Place and date of birth: Suresnes (France) - 12 August 1956

C.F.: BNPNRC56M12Z110F

Work address: Via Manara 7, 21052 – Busto Arsizio – ITALY

Telephone: +39 0331 339452 or 05

Mobile phone +39 333 4259830

Fax: +39 0331 339459

e-mail: [email protected]

STUDIES

1975-82: “Laurea Universitaria” (Master Degree) in Biological Sciences - 27 January 1982 - score 110/110 - University of Naples, Naples - Italy;

1987-91: Ph.D. in Cellular and Molecular Biology and Pathology - II School of Medicine - “Federico II University” - Naples - Italy.

POSITIONS

Current Position

2001 to present “Assistant Professor” at the Dept. of Biotechnology and Life Sciences (DBSV) of the University of Insubria, Varese - ITALY.

Former Positions

2005-08 ‘Guest Scientist’ at the Département de Biologie et Génomique Structurales – IGBMC (Institut de Génétique et de Biologie Moléculaire et Cellulaire) – Strasbourg, France

1997-01 “Postdoctoral Associated” at the European Institute of Oncology – Milan - Italy

1993-94 “Postdoctoral Associated” at the Institute of General Pathology and Oncology of the 2nd University of Naples - Italy

1982 “Postdoctoral Associated” at the “Section of Molecular and Cellular Biology“ - Cornell University – Ithaca, NY - USA.

FUNDING as a PI

2013-18 Italian Flagship Program - Epigen

To investigate the epigenetic basis of the apparent paradox of the co-existence of global hypo and site-specific hyper-methylation of DNA during cancer progression. 600.000 €

2010-13 Italian Association for Cancer Research (AIRC) - Italia.

Role of UHRF1/2, essential for DNA methylation, in epigenetic gene silencing of tumour-suppressors. 250.000 €

2009-10 Programmi di ricerca scientifica di rilevante interesse nazionale (PRIN) – Italia (Scientific programs of national interest).

La cromatina come substrato d'interrelazione nella dinamica tra replicazione del DNA ed espressione genica (Chromatin as a substrate in the dynamic interrelation between DNA replication and gene expression). 119.000 €

2007-09 Italian Association for Cancer Research (AIRC) - Italia.

The role of Np95 in pericentromeric heterochromatin formation and stability. 150.000 €

2005-08 Programmi per l'incentivazione del processo d’internazionalizzazione del sistema universitario - (D.M. 5 agosto 2004 n. 262 - ART. 23) collaborazioni interuniversitarie internazionali. Cooperazione Italo-Francese (Programs to encourage the process of internationalization of the national university system - International interuniversity Collaborations. Italo-French cooperation).

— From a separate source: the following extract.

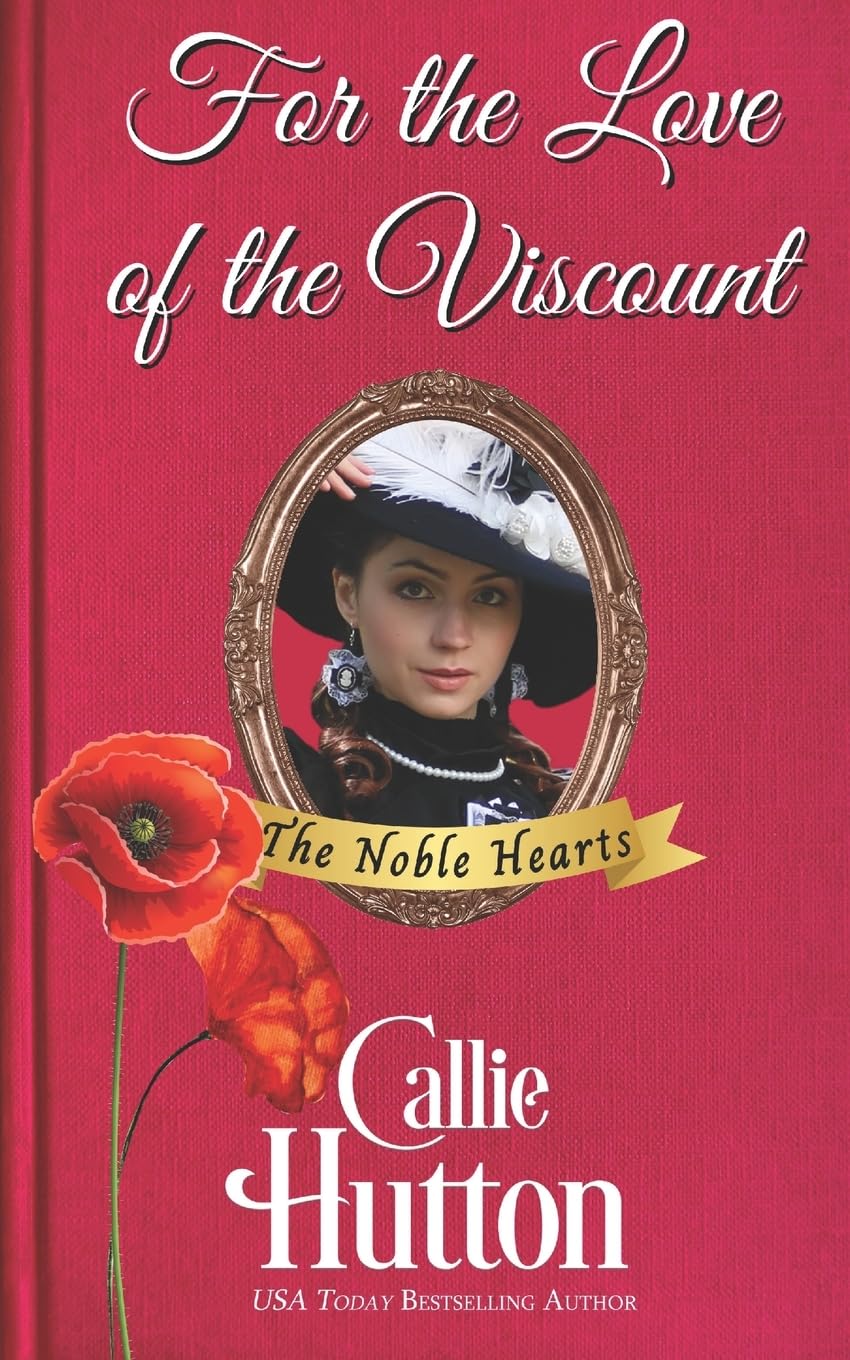 For Love of the Viscount: Volume 1 (The Noble Hearts Series)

Il ruolo di Np95/ICBP90, una proteina essenziale alla proliferazione cellulare, nella replicazione eterocromatica, la soluzione della sua struttura 3D e l'individuazione dei suoi domini funzionali (The role of NP95 / ICBP90, a protein essential to cell proliferation, in heterochromatic replication, the solution of its 3D structure and the identification of its functional domains). 24.000 €

2005-07 Rett Syndrome Research Foundation (RSRF) - USA.

The isolation of protein complexes involving MeCP2 and Np95: Understanding their roles in the structural organisation of heterochromatin. 100.000 US dollars

2003-06 Italian Association for Cancer Research (AIRC) - Italia.

The role of Np95, an essential protein for S phase entry, on chromatin modifications during DNA replication. 105.000 €

FUNDING as Research Unit

2013-15 Italian Association for Cancer Research (AIRC) - Italia. Carcinogen–induced Epigenetic Switching in Human Retroelements: a Mechanistic Study on Benzene Effects. 90.000€

2012-14 Directorate general political and affairs of the foreign affaire, Italy.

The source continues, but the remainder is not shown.